From Israel, the responses were very diverse. “I'm fine, but the world isn't”, “I'm cooking for the soldiers, can you contribute?”, “I'm going to miluim”, “I want to talk, but I don't have time. Now I have time, but I don’t want to talk anymore”, “We are going to kill everyone!”, “I can’t turn on the TV anymore”, “Thank you, I needed your love”.


From London, my students said that they were afraid, that they didn't understand. “Why does everyone want to kill us?” at 11 years old the questions are sincere and may be difficult to answer. I don't know, and I don't know if anyone really knows.


From Brazil came the question: “Why aren’t you posting anything? Why are the rabbis so quiet?” The question went straight to the heart. The immediate response was that we are trying to take care of people, because people are posting, replicating, flooding the world with information. The world needs to know. History will not repeat itself!


How are you? I'm out of breath, I'm speechless.


But the Torah contains countless words that surround our reality... This week we read about the moment when God promises the land to Avraham and his descendants. We will be more numerous than the stars in the sky. The land was not uninhabited, the Canaanites inhabited the place promised to us. And from then on, our relationship with that special place began. However, to reach that land Avraham needed to leave his father's place, build a new story for himself. Lech lechah: “get out”, “go ahead” or, literally, “go to yourself”. Lech lechah – look inside, ponder.


How are you?


Throughout this parsha Ishmael, the first son of our patriarch, is born. The rivalry between Sarah and Hagar is born. The promise of a son is born to Sarai, the wife who is included in the pact between Avraham and God and is renamed Sarah. The rivalry between two peoples is born.


Elie Wiesel wrote in 1986: “Sarah believed in God and in His promise; therefore, she suffered for her own kindness. And because Sarah suffered, she inflicted suffering. Was she wrong? Maybe, but we love Sarah nevertheless. Maybe we love Sarah even more. In other words: Because Sarah was wrong and knew it but could not help it, it becomes our duty to do the impossible and correct her fault without diminishing her. We are her children, and that is the least we could do for her. If only Sarah could have shared her love between Isaac and Ishmael! If only she could have brought them together instead of setting them apart! Maybe some of today's tragedies would have been avoided, The Palestinian problem is rooted in the separation of these two brothers. As always we must ask: Is it the mother's fault?”[ii] I confess that Dona Carla, my grandmother, of blessed memory, believed so.


Therefore, perpetuating history, three weeks ago our certainties fell apart.
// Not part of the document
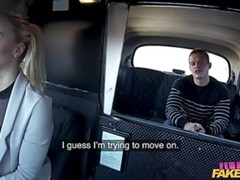 Blonde, Sucer une bite, Voiture, Femelle, Léchez, De plein air, Chatte, Tatouage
Israel is not the safe place we fled to, but the place in danger some of us flew to protect. Three weeks ago, anti-Semitism took off its mask and put us at risk around the world. And in the cacophony of obsessive posts that we reproduce, we stopped looking inside, we stopped going to ourselves and asking ourselves: How are you?


I must be made of water.

I have nothing left but tears.

I have no air and no words.


So, I hold on to the Divine promise made to Avraham:

“I will make of you a great nation,

And I will bless you;

I will make your name great,

And you shall be a blessing.

I will bless those who bless you

And curse the one who curses you;

And all the families of the earth

Shall bless themselves by you.”


Shabbat Shalom





[i] Alden Solovy - Nothing Left but Tears - https://tobendlight.com/2023/10/nothing-left-but-tears/ [ii] Elie Wiesel, "Ishmael and Hagar," in "The Life of Covenant: The Challenge of Contemporary Judaism" Essays in honor of Herman E. Schaalman," edited by Joseph A. Edelheit, Chicago, Spertus College of Judaica, 1986, pp. 235-250.